▶ [MATERIAL PROVIDED]

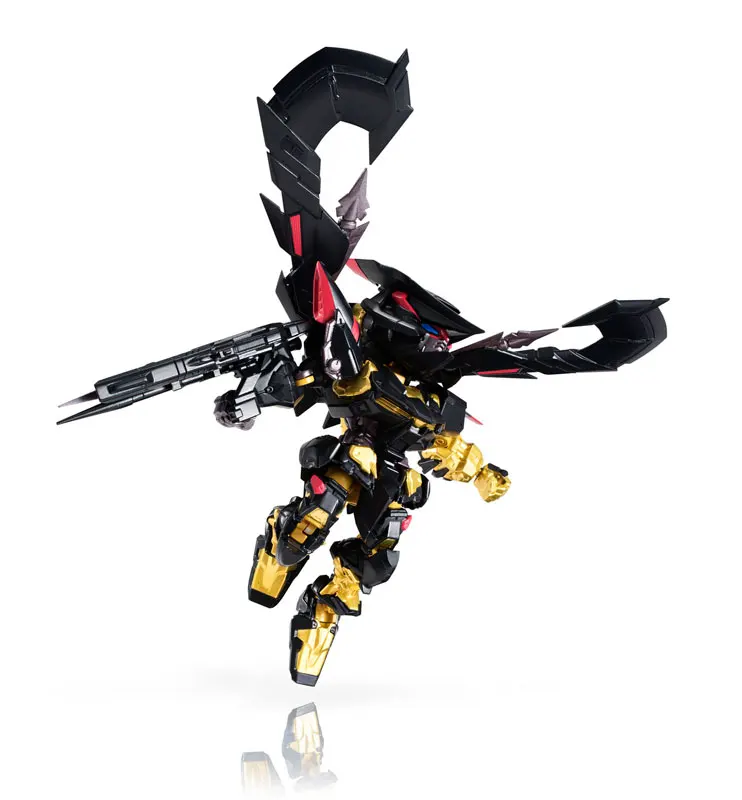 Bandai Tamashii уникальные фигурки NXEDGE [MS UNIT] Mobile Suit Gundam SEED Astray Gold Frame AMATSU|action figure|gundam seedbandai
---
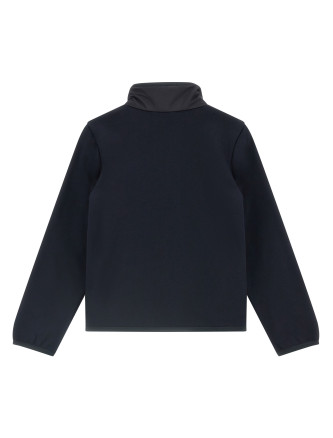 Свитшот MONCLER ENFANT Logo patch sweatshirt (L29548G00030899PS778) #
...
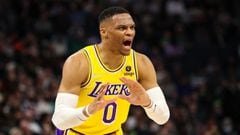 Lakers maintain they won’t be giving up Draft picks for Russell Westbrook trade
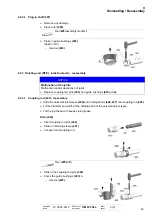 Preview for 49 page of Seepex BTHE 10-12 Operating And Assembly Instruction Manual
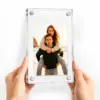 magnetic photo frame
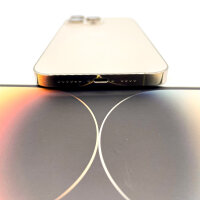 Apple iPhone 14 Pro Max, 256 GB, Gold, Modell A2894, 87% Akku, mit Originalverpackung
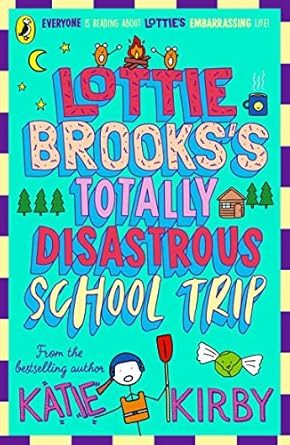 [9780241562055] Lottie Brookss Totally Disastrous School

▶ [TASK ITEM] Using the data above, transcribe exactly the lines between those containing "magnetic photo frame" and "[9780241562055] Lottie Brookss", inclusive, and leave every picture behind.

▶ [TASK RESPONSE]
 magnetic photo frame
 Apple iPhone 14 Pro Max, 256 GB, Gold, Modell A2894, 87% Akku, mit Originalverpackung
 [9780241562055] Lottie Brookss Totally Disastrous School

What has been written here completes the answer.